De Christian Oster chez Minuit
(6 votes, note moyenne : 2.5)

142pages. 18,4x13,4x1,4cm. Broché. On s'habitue à tout paraît-il, même à vivre avec une mouche. Tout de même, pour un homme de quarante-cinq ans qui vient d'être plaqué par une femme, c'est une maigre consolation. À moins de donner à cette mouche agaçante et insaisissable le prénom de l'infidèle, Odile, et de décider de l'écraser. Même si on l'a souvent fait étant enfant, ça devient plus difficile avec l'âge de tuer les mouches. Si difficile qu'il vaut mieux fuir pour ne pas être en permanence confronté à son échec. Sortir, rencontrer d'autres femmes peut-être, affronter la vraie vie. Et c'est ainsi que l'on se retrouve aux sports d'hiver lancé sur des pistes bien dangereuses. Loin d'Odile est l'un des romans où Christian Oster déploie le mieux cet humour absurde qui constitue sa marque personnelle, cette façon de parler sans pesanteur de la gravité de la vie, en observant le quotidien par le petit bout de la lorgnette ccmme pour mieux tenir en respect la peur qui loge sournoisement au fond de chaque être humain. -Yves Bellec

Paru le 20-01-1998 - Format : Broché - 142 pages - 18 x 13 x 1 cm - 185 g - ISBN 10 : 2707316040 - ISBN 13 : 9782707316042

Collection : Romans

Tags : récits, journal intime, roman, quotidien, hiver, triste, dons, subjonctif, solitude, absurde, décalé, humour, humour noir, amour, sport, montagnes, littérature française, littérature francophone, auteur français, contemporain.

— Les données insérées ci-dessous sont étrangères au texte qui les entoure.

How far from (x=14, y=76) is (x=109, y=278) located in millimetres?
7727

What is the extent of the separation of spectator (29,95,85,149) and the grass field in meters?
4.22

Citations de Loin d'Odile (7)

Jeanne était brillante, comme André, elle était blonde, elle était belle, un peu moins belle, toutefois, qu'il n'avait d'abord semblé. Mais elle profitait, justement, d'être un peu moins belle que les toutes premières fois pour apaiser le regard et, sur ce fond d'apaisement, l'éveiller de nouveau par quelque éclat insoupçonné. On accédait ainsi à la beauté par paliers, avec des intermèdes de déception ou encore de chute, mais avec le temps les chutes se faisaient moins fréquentes, on tombait de moins haut, également, chaque fois, et pour finir on ne désapprouvait plus rien de ce visage, de ces gestes, on ne pouvait plus redescendre, on montait toujours, accédant à cette beauté dont la caractéristique était peut-être, en effet, de croître, de se renforcer avec le temps dans le regard de qui s'en voulait bien saisir. Il en allait de même pour sa brillance, d'une certaine façon, qui ménageait chez elle des périodes parfaitement ternes, mais que l'on goûtait comme des éclipses.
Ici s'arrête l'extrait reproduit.